*** Opening of Extracted data ***
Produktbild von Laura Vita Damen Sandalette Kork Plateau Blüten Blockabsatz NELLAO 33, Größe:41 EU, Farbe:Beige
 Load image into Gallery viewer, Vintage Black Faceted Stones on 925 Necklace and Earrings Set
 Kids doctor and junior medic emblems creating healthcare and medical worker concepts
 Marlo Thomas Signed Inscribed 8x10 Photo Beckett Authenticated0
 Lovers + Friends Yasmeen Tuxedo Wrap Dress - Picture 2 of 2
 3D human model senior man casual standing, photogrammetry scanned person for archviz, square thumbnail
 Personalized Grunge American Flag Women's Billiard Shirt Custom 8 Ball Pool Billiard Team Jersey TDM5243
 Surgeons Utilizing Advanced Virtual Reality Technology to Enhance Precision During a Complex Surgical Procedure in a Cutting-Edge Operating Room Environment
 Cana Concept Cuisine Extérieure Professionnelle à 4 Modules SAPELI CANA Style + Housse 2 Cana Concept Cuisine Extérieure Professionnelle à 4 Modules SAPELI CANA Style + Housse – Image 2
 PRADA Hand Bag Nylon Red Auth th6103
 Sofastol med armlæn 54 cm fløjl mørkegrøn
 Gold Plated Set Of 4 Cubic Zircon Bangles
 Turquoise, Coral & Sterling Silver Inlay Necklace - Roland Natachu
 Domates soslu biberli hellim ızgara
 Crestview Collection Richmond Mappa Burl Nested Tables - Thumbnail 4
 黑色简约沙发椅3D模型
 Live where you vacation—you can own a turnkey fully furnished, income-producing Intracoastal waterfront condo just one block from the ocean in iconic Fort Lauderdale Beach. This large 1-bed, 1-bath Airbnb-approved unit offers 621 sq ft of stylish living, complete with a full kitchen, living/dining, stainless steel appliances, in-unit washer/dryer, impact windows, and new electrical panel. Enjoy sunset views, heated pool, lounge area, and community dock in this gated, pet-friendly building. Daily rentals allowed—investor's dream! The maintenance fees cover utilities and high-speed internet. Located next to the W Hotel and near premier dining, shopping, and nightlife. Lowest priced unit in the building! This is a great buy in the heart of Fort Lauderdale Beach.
*** Close of Extracted data ***
▶ _Exercise objective_: If a line in the data above holds the string "Necklace", copy it.

▶ _Result of the exercise_:
 Load image into Gallery viewer, Vintage Black Faceted Stones on 925 Necklace and Earrings Set
 Turquoise, Coral & Sterling Silver Inlay Necklace - Roland Natachu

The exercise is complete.